The first article (by van Dijkum and van Kuijk) begins by discussing the question of validation from a historical perspective. They show that there exist diverse and controversial opinions, ranging from the view that science will generate valid knowledge to the belief that in science 'anything goes'. Starting from criticism of some of these opinions they make an effort to formulate a new methodology for validity in the social sciences. Based on their view of Popper's simplified methodology of validation, the authors claim that new procedures for validation will be required. In particular, these must be able to deal with feedback and non-linear processes. These new procedures will not have to be constructed from scratch, however, because a number of quantitative techniques (statistical measures of similarity for linear and partly non-linear models) already exist and can be used. Additionally, qualitative validation is at least as important in understanding the outcomes of complex models when combined with theoretical and qualitative knowledge. With the help of sensitivity and error analysis, for example, qualitative strategies can detect the constraints on complex model behaviour (such as equilibria), which might make it easy to eliminate a number of models from consideration. Therefore, users of linear models can still benefit from qualitative validation.

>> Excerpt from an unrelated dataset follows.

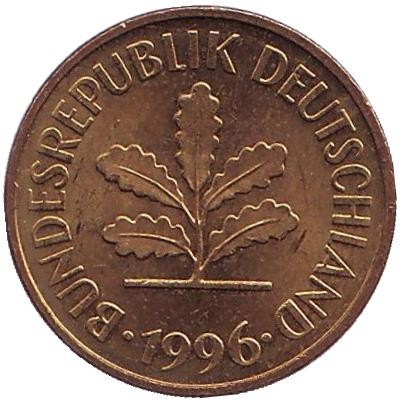 Монета 5 пфеннигов. 1996 год (D), ФРГ. Дубовые листья. Монета 5 пфеннигов. 1996 год (D), ФРГ. Дубовые листья.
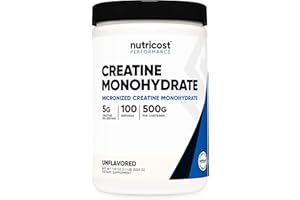 Nutricost Creatine Monohydrate Micronized Powder 500G, 5000mg Per Serv (5g) - 100 Servings, 17.9 Oz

Ferdinand Verhulst, the author of the second article, introduces scientific models as metaphors with quantitative aspects added to their descriptions of reality. The validation of these models ideally requires setting up carefully controlled experiments which allow for measurements to be matched with the quantitative predictions of the model which are the outcomes of mathematical calculations. In practice, 'carefully controlled experiments' are often difficult or impossible to achieve, because of the incompleteness of data and a strong emphasis on qualitative aspects as well. To show that the validation process typically differs from the textbook examples provided by classical physics, he reviews a number of concrete modelling problems: the pollution of the North Sea, the chaotic flow-field of the Wadden Sea, drillstring dynamics and the use of metaphors for psychoanalysis. These examples can be placed on a sliding scale according to the ratio between quantitative and qualitative elements. Finally, the author claims that in contemporary science the ideal of controlled experiment is never reached and argues (even more strongly) that problems where this ideal is reached are not in fact fundamental and do not typically interest the research scientist.

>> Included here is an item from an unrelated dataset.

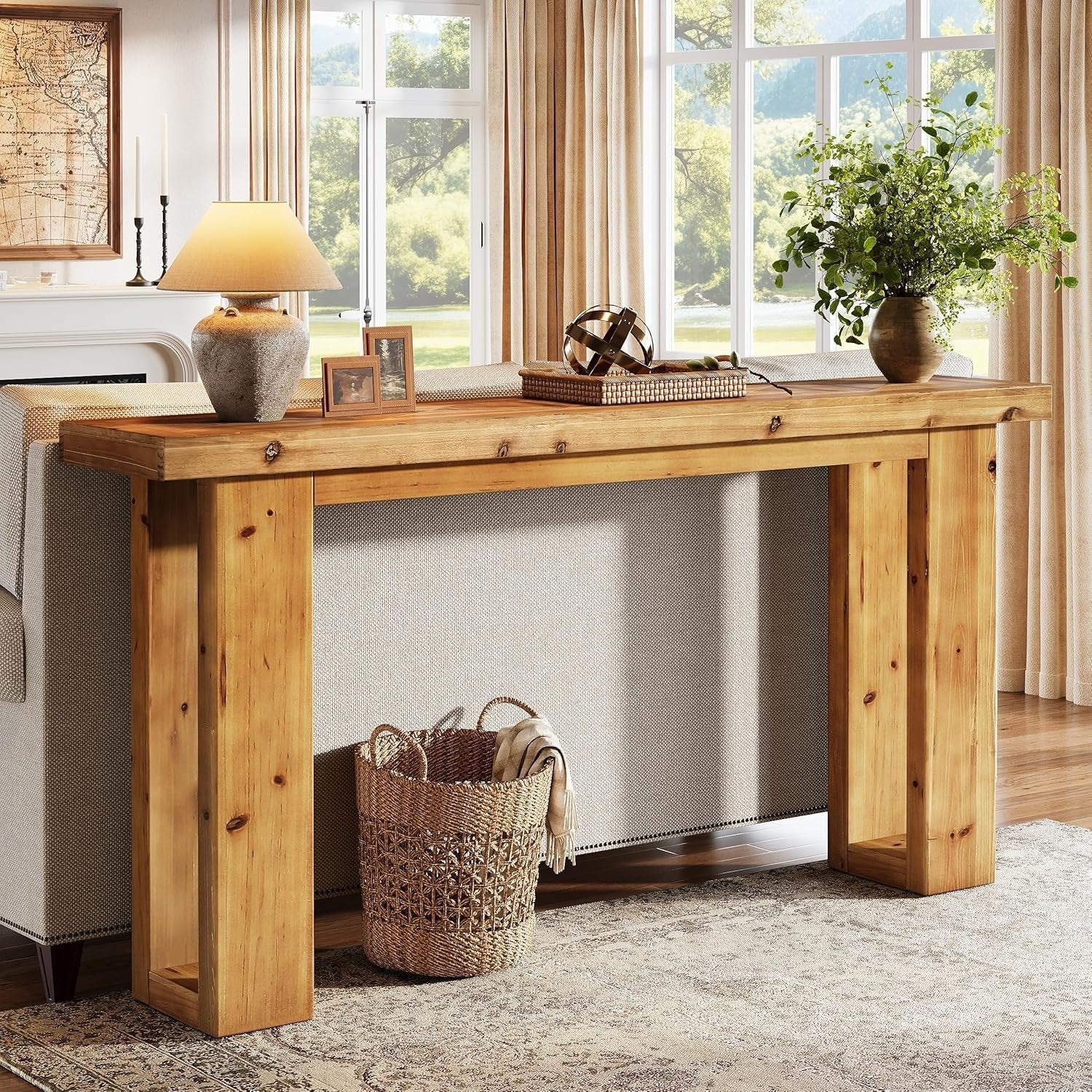 63" Solid Wood Console Table, Farmhouse Rectangular Sofa Table Behind The Couch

In the third chapter, Jansen and de Vries discuss validation problems in global modelling, also known as integrated assessment modelling. In contrast to historical global modelling approaches like the World Models of Forrester and Meadows, integrated assessment modelling can be characterized by a multi-disciplinary perspective and the integration of different complexity levels (physical environment, human behaviour, information flows, human values, beliefs and ideas). The usefulness of this approach is demonstrated by the integration of natural science and economics in the modelling of global climate change and by introducing human response in the form of perspective-based rules for agents. Such complexity makes it nearly impossible to validate this kind of model (and the theory it represents) in the strict sense, because too many subjective assumptions have to be made and far too little data is available. Nevertheless, the authors argue that it is the modelling process matters, not the model itself. Modelling as a process for structuring knowledge to be used in decision-making is intrinsically valuable. The construction of transparent models in an interactive way is proposed as an additional technique to accompany the use of expert validated metamodels. The chapter also argues for a more explicit recognition of the problems arising from multi-disciplinarity.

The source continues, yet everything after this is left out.